I think I have a book to write about this, but I have something else to write just now, so I'll just supply the link and a little more:

Naomi Schafer Riley reviews briefly and well the book "Shopping for God" by James B. Twitchell in the Wall Street Journal. Twitchell claims, without evident irony, that "Choosing a religion, he argues, is much like choosing any other product - from breakfast food to beer"* It sounds shocking but not surprising - turn the word 'pastorpreneurs' over in your head a bit - and if Twitchell is serious in what he says, this seems a wakeup call for the church in America (not the West as a whole). It poses the serious question of how to imagine our faith and the church in a way which is not wholly compromised by marketing, consumption, and economic metaphors.

It is worth noting, though, that it is not the opposite of such things, and there is a hallowed (?)tradition of combining consumption with Christian faith - purchase of mementos from pilgrimage sites being an early and obvious example. In some ways (not totally) the entire travel and souvenir industries stem from this practice of pilgrimage. This is only one example of a number that could be given. It might be worth looking closely at the practice of consumption - perhaps from a phenomonological perspective - to see, anthropologically and sociologically speaking, what human need is met, and how that might relate to religious faith.

But that aside, it does seem - and here I'm trying to be discerning and make a judgement, an activity which always implies that it could be otherwise** - that this might be one of the major tasks of the church in America (in particular***) in the early twenty first century: how do we imagine Christian faith as something other than business or personal preference?
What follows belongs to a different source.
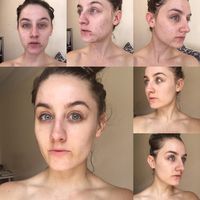 Setahun Tak Cuci Muka Pakai Sabun, Kondisi Wajah Wanita Ini Mengejutkan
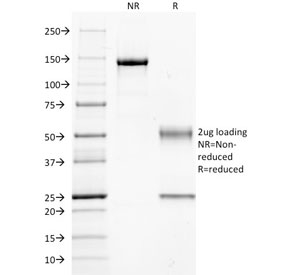 SDS-PAGE analysis of purified, BSA-free GNAQ antibody as confirmation of integrity and purity.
And how, through that, can we imagine genuine human life as something broader and richer than economics and consumption, both of which properly serve human life as a part of it, rather than becoming dominant modes of discourse and imagination?

I think I ought to read Twitchell's book - although I don't know when I possibly can - but I expect it will make me sick to my stomache. (Maybe Christmastide would be good.)

*This is Riley's summary of Twitchell's thesis; I am at the mercy of her summation skills!

**As opposed to, say, an arithmetic equation or logical syllogism, which require no judgement, discernment, or argumentation per se.

*** My experience of the church in England is quite different than this; there is generally a rather different sort of imagination here about such things which is not as easily reduced to these (economic) kinds of metaphors.